New matters jumped 12 percentage points higher in the first week of June — still 14% below the baseline level recorded at the start of the year, but up from -26% in the last week of May. Even so, fee income remains depressed, with year-on-year billings falling 14% in April and 27% in May.
“While law firms have been able to rely on work in progress from legal matters opened prior to March, it is clear that the shortfall of new casework in March and April has now also had an impact on monthly billings,” the Vancouver-based practice management software specialists said. “While the upward trend in new casework may result in a similar bounceback in billing volumes, firms may need to take into consideration their clients’ ability to pay, as unemployment rates still remain high in the US.”
A quarter of law firms said they have already had to forfeit revenue due to their clients’ inability to pay their bills, while almost three-quarters of firms said they are concerned clients might not be able to afford their legal fees.
The research also shows that while there remains pent up consumer demand for legal services — about a quarter of law firm clients are anticipating needing imminent help with legal issues, with around a fifth of those cases likely to be related to Covid-19 — roughly half of respondents said they would put off seeking support until the uncertainty around the pandemic eases.
However, three-quarters of law firms expect the long-term impact of Covid-19 on their businesses to persist even after the pandemic ends, with the number of lawyers expecting the economy to make a quick recovery continuing to fall.
Clio said: “Fewer legal professionals expect the economy to bounce back in the next three months, and fewer expect the social impact of the pandemic to subside over the same timeframe.”

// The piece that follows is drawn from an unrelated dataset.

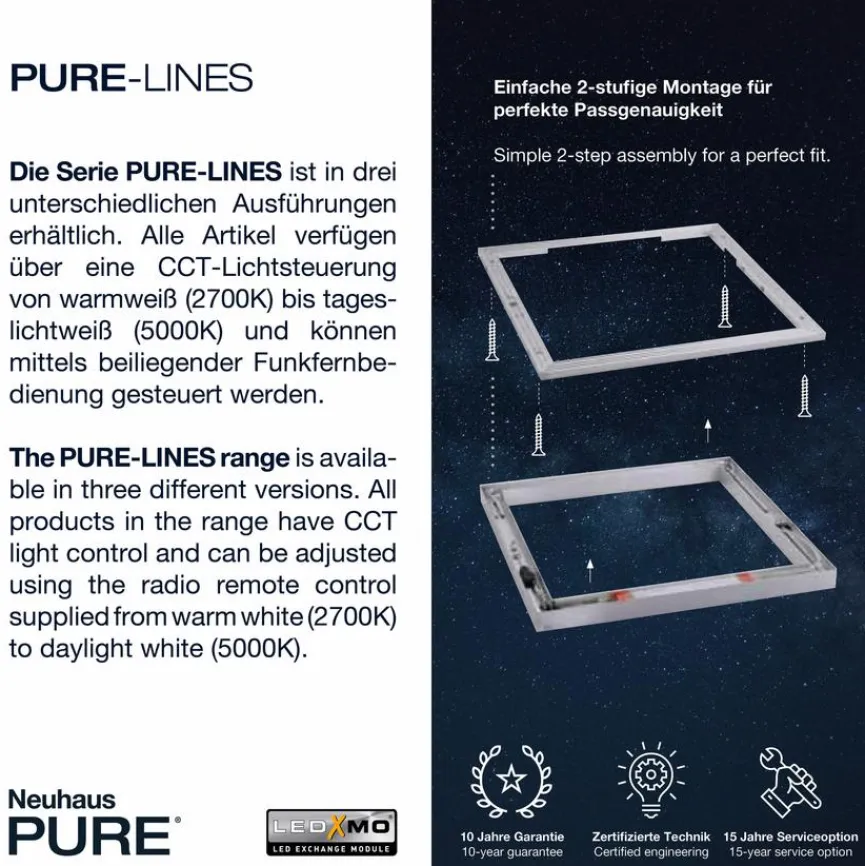 Neuhaus PURE LED-Deckenleuchte PURE-LINES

The research was based on aggregated and anonymised data from Clio’s legal tech apps and surveys of 783 US legal professionals and 1,055 US consumers.
A survey of GCs at global companies published this week by Morrison & Foerster found the number of companies rating the business impact of Covid-19 as severe dropping to 42% at the end of May, 10 percentage points lower than when the firm last ran the survey in March.
Meanwhile, in the UK a 4.7% decline in legal services revenue in April has compared favourably to a 20% slump for the economy as a whole.